The pace of sales fell 1 percent in December to a seasonally adjusted annual rate of 4.94 million, according to NAR. For all of 2012, existing-home sales hit 4.65 million, the highest level since 2007 and up 9.2 percent from 2011.
“Record-low mortgage interest rates clearly are helping many home buyers, but tight inventory and restrictive mortgage underwriting standards are limiting sales,” says Lawrence Yun, the NAR’s chief economist.
The rate in November was revised to 4.99 million from an earlier estimate of 5.04 million, which was the highest rate since November 2009. Economists polled by MarketWatch had expected a rate of 5.1 million for December, with buyers eager to take advantage of relatively high affordability in a housing market that is gaining steam.
Buyers’ concerns about the “fiscal cliff” may be at least partially behind December’s sales decline, wrote Millan Mulraine, macro strategist at TD Securities, in a research note.
“Given this, we anticipate that sales activity could rebound in January following the tax deal, given the very supportive buying conditions and the increasing incentive for first-time buyers (who are currently sitting on the fence) to slowly move into the market as prices begin to firm,” Mulraine wrote.
By region, it was a mixed bag.
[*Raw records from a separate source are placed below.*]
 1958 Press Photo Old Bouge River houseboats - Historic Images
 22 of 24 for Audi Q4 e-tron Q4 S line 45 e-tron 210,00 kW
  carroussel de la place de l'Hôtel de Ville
December’s existing-home sales fell by 5.9 percent in the Midwest and by 3 percent in the South, compared with the prior month; sales rose by 5.1 percent in the West and by 3.2 percent in the Northeast.
Sales in each of the four regions were up from same period in the prior year.
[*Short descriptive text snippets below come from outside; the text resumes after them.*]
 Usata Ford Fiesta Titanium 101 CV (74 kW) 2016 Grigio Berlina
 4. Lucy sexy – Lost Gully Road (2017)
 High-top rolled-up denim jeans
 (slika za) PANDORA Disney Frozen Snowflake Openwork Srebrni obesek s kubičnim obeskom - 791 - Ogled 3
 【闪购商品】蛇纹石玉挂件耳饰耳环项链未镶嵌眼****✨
Despite the decline in December, existing-home sales are up 12.8 percent from the same period in the prior year. The median existing-home price rose 11.5 percent from the prior year to $180,800.
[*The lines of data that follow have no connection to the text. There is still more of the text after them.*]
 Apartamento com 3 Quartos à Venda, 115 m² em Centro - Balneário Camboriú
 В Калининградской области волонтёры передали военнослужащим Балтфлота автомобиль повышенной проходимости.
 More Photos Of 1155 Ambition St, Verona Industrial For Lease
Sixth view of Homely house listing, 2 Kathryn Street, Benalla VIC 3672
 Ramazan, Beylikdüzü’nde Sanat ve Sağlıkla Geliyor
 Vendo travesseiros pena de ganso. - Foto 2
Inventories fell 8.5 percent to 1.82 million units in December, representing at the current sales rate a 4.4-month supply, the lowest supply ratio since 2005. It’s typical for inventories to decline in winter. But Yun warns that persistently low inventory could lead to too much price growth in 2013.
“We don’t want to see a rapid appreciation in prices,” he says.
Meanwhile, the median price reached $176,600 in 2012, up 6.3 percent from the prior year for the highest annual growth since 2005.
Other recent housing data have also shown a market gaining strength but still has far to go.
A report on home-builder sentiment showed that confidence is holding at a more-than-six-year peak. Separately, a report showed that new home construction jumped 12 percent in December to the highest rate in more than four years, rushing past Wall Street’s expectations.